MD5 Preimage Vulnerability in 2017

MD5 should be considered completely compromised for password use, and has been "deprecated" for passwords for a long time. It doesn't even have to involve preimage attacks or explicit vulnerabilities. It is as simple as the fact that the hash rate for modern GPU stacks against MD5 is so fast that you can feasibly brute force nearly any password (okay, I exaggerate slightly)

This is an extreme setup, but it can run through almost 200 billion hashes per second. That means it can guess about 200 billion passwords every second if they are hashed as MD5. I don't have an exact translation but as you can imagine, being able to try 200 billion password guesses every second means that even strong passwords can get easily cracked. The article suggests that it can crack a 14 character windows XP password (which is slightly weaker, and has roughly double the hash rate as for MD5) in just 7 minutes.

More realistic hashing setups might hash passwords at roughly a tenth of that rate, but even still it is quite possible to brute force any realistic password that is hashed with MD5.

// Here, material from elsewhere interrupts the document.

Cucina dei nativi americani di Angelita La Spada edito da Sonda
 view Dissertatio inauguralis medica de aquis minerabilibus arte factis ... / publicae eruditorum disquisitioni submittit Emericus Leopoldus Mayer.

Edit to address the second half of your question

Is this an immediate threat? Yes and no. In practical terms it is a theoretical threat, as your passwords will only be vulnerable in the event that this internal system is breached. However, the more you read about the very involved kind of hacks that criminals go through when they want something, the more you realize how important it is to have thorough security at every level of the system. I personally believe that internal systems should be as secure as external systems. Here is a good example of a time that bad security lead to expensive breaches:

https://gizmodo.com/hackers-found-a-new-way-to-rip-off-atms-1818859798

Moreover, the other issue is that MD5 has been "out-of-fashion" for password storage for quite a long while now. I would be very concerned that the rest of their security is equally out-of-date, and that this internal system of yours is full of security holes.

Another edit

An important thought to keep in mind: with these things an important consideration is the potential damage done in the event of a breach. I don't know what this internal system does, but there is one important bit of sensitive information it definitely stores: your user's passwords. Even if that is all it stores, it is potentially dangerous. Here is a very plausible worse-case scenario. What are the odds that you have an administrator that has a user account on this internal system? If so, what are the odds that that person used the same password for the internal system as the did for the password to administer, say, your company-wide email system? If so it is a short hop, skip, and jump from cracking an MD5 password to taking control of your email system, and from there to probably any aspect of your company that is web-facing.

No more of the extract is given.